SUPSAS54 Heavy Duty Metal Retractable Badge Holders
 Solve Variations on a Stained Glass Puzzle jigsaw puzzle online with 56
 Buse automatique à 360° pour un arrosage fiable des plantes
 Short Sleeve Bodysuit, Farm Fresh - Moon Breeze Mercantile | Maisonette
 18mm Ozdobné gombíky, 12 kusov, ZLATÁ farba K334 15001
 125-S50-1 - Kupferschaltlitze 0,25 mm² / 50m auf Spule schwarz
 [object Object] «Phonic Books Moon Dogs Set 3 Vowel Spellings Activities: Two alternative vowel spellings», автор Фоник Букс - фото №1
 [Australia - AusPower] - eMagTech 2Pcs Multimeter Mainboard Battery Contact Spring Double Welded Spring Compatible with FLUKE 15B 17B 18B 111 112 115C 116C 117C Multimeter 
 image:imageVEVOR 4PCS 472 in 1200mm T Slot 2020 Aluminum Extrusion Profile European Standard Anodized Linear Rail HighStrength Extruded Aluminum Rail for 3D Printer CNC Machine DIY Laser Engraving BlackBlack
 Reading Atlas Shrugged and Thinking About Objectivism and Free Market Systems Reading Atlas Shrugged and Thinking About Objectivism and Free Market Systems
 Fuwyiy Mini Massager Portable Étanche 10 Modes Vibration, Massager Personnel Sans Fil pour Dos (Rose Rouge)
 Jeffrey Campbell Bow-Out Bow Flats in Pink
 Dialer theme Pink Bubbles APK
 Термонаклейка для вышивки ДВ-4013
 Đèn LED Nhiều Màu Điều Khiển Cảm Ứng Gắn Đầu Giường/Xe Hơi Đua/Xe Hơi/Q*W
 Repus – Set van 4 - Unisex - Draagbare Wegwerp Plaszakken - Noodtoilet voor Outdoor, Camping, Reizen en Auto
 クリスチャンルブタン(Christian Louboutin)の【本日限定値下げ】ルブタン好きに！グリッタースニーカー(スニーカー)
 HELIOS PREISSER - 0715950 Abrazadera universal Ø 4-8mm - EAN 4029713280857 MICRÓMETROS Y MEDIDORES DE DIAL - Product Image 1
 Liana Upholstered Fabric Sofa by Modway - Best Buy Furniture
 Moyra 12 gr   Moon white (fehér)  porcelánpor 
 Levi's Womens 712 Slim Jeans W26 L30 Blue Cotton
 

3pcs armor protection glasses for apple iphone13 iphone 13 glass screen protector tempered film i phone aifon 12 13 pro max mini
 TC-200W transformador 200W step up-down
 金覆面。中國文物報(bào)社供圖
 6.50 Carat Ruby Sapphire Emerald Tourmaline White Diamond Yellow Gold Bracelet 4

• _Task to carry out_
Each line containing the word "with" needs to be copied from the data above.

• _Answer to the problem_
 Solve Variations on a Stained Glass Puzzle jigsaw puzzle online with 56
 [Australia - AusPower] - eMagTech 2Pcs Multimeter Mainboard Battery Contact Spring Double Welded Spring Compatible with FLUKE 15B 17B 18B 111 112 115C 116C 117C Multimeter 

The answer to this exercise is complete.